Salt Lake creative, Kristine Knight, shares the vision behind her surreal video for New Shack’s pulsing, electro-pop song, “Atomic Holiday”. New Shack’s debut album is out now.  

MP: How do you know New Shack and what led you to directing their video for “Atomic Holiday”?

KK: Catherine Leavy and I met while we were both living in NY. We became good friends and kept in touch over the years as we both pursued different creative ambitions, but had the hope we could one day collaborate on a kind of creative project. When Catherine began a music collaboration with Eric Robertson, it was a great opportunity to make a video for them. 

MP: The visuals and effects in the video are mesmerizing and on point with the song’s atmosphere. What was your creative direction and inspiration behind the video and what story is the video attempting to tell?

KK: Thank you. I got a lot of inspiration from my conversations with Catherine explaining the lyrics she wrote. The song has many intersecting themes including the cyclical nature of addiction–the illusions of temptation or anything that appears beautiful or luminous but has a destructive quality to it–things you could encounter in life that have this facade that are ultimately affecting and damaging spiritually or otherwise. There are also themes of duality such as angel/devil/saint, galaxy/stars/burning/scars, redemption/limbo, reality/illusion/psychological states. 

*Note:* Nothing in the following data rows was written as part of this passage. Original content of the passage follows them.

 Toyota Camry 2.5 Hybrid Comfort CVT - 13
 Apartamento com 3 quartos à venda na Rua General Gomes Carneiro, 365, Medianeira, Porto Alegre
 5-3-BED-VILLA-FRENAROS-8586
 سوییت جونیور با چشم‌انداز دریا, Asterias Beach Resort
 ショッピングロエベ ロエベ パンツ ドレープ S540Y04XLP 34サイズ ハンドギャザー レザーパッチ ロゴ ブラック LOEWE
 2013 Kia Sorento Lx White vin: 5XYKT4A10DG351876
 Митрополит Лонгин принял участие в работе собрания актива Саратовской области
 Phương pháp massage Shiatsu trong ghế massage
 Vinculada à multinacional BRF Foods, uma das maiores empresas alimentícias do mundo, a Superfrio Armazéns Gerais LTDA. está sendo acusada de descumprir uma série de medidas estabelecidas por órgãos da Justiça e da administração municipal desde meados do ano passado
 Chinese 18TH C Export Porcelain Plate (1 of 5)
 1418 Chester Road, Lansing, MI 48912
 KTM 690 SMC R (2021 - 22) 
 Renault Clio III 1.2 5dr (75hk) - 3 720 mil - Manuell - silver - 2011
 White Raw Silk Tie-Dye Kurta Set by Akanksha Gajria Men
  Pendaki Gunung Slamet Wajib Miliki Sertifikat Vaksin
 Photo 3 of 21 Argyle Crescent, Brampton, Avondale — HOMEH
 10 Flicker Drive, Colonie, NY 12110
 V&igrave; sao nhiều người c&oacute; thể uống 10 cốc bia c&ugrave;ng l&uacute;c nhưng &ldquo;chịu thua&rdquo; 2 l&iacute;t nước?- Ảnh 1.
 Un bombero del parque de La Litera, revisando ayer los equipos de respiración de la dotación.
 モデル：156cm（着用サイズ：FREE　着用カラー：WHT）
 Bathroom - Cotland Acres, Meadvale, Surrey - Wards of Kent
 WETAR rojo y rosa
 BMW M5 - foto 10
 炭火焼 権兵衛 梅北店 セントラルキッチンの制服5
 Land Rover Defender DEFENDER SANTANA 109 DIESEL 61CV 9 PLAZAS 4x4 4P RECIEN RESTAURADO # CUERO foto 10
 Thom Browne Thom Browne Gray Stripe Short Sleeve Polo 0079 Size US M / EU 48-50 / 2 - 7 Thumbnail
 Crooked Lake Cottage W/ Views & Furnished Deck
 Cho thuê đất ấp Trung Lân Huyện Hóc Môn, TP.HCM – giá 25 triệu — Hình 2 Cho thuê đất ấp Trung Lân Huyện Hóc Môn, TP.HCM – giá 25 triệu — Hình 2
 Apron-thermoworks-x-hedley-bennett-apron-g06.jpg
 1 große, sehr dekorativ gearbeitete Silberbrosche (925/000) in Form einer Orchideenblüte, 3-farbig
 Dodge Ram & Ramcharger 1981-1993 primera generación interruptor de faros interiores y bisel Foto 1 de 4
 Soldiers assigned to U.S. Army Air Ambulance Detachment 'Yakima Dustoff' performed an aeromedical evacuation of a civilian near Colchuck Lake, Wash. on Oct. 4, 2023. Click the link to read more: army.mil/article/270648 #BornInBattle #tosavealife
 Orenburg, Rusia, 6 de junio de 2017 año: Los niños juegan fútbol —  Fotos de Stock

I wanted the video to feel repetitive and cyclical while still telling a story with a minimalistic quality in symbols, styling, and composition. Different scenes repeat until at some point it’s possible to catch a beginning to a story, or something that is happening to her, that is slightly dream-like and nonlinear. 

Eric, in silhouette, represents a kind of god-figure or perspective–revolving in his own “orbit” above or outside hers–but still empathetic as her experiences play within him and build to a sort of climax, playing his synth, immersed in city lights.

MP: Tell me about some of the struggles you faced while creating the video. It’s clearly a complex concept. What were its limitations and biggest victories?

KK: Catherine had been living in Germany at the time, so we decided to meet up in NY, in February, on the coldest weekend they had last winter. It was just her and I running around the city with no crew and about 3 degree weather. Catherine was there to also interview for a prestigious art curation program, and was under a lot of stress. It was stressful for me logistically as well, getting things shot in a very short amount of time, with a limited budget. But I feel there was a lot of value and meaning in how stripped-down and challenging it was emotionally and logistically to shoot that particular content. Editing felt like a risk creatively–pulling it together in the end to represent all we had talked about and been through together. But I think those feelings meant it was on the right track. 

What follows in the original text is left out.